Description of the task ▸
Lines to return, exactly: from the line with "Remera Lisa" to the line with "MAYBACH High Quality Sunglasses" in the entries below, both included.

Exercise input ▸
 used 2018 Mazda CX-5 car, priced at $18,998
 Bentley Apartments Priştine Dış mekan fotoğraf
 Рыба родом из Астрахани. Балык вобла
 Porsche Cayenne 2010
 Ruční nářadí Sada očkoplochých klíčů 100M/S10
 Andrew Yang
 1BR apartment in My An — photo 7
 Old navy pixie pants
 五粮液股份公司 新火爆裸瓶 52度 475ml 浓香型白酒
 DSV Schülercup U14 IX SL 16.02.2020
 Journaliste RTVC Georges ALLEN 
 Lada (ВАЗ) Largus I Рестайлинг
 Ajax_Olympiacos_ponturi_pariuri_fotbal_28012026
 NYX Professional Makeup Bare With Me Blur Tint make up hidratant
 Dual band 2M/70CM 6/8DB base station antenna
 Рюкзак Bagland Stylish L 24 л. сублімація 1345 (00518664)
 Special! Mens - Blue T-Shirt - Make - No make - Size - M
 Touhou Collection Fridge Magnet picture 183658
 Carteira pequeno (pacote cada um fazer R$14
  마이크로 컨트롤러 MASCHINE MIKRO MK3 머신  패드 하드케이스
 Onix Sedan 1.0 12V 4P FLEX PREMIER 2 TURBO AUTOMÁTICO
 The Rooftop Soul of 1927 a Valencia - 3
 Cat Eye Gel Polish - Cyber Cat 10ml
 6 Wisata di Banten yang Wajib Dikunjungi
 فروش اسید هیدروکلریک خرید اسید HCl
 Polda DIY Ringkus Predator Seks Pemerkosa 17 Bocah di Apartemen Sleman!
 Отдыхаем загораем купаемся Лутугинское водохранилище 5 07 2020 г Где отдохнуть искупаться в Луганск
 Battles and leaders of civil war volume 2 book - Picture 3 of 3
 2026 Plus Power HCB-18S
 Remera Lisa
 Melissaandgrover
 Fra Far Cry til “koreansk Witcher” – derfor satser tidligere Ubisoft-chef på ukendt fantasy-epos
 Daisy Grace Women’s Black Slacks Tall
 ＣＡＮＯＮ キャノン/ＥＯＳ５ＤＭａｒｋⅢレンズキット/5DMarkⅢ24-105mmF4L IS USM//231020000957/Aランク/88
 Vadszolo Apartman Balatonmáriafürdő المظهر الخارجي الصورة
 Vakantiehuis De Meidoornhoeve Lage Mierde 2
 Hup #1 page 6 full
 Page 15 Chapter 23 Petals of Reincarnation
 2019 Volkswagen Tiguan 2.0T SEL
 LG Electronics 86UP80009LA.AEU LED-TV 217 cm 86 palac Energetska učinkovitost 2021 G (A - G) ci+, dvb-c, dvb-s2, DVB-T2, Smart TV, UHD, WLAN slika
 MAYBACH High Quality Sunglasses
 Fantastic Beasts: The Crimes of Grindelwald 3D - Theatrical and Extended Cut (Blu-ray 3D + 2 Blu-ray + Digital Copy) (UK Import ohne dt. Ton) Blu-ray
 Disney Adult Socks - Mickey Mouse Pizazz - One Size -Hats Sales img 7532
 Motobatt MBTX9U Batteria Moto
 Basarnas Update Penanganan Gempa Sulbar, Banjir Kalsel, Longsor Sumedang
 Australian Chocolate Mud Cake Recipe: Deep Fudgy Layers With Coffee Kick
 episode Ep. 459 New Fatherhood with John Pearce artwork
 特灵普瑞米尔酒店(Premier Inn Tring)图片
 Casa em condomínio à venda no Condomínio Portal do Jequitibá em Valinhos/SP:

Result ▸
 Remera Lisa
 Melissaandgrover
 Fra Far Cry til “koreansk Witcher” – derfor satser tidligere Ubisoft-chef på ukendt fantasy-epos
 Daisy Grace Women’s Black Slacks Tall
 ＣＡＮＯＮ キャノン/ＥＯＳ５ＤＭａｒｋⅢレンズキット/5DMarkⅢ24-105mmF4L IS USM//231020000957/Aランク/88
 Vadszolo Apartman Balatonmáriafürdő المظهر الخارجي الصورة
 Vakantiehuis De Meidoornhoeve Lage Mierde 2
 Hup #1 page 6 full
 Page 15 Chapter 23 Petals of Reincarnation
 2019 Volkswagen Tiguan 2.0T SEL
 LG Electronics 86UP80009LA.AEU LED-TV 217 cm 86 palac Energetska učinkovitost 2021 G (A - G) ci+, dvb-c, dvb-s2, DVB-T2, Smart TV, UHD, WLAN slika
 MAYBACH High Quality Sunglasses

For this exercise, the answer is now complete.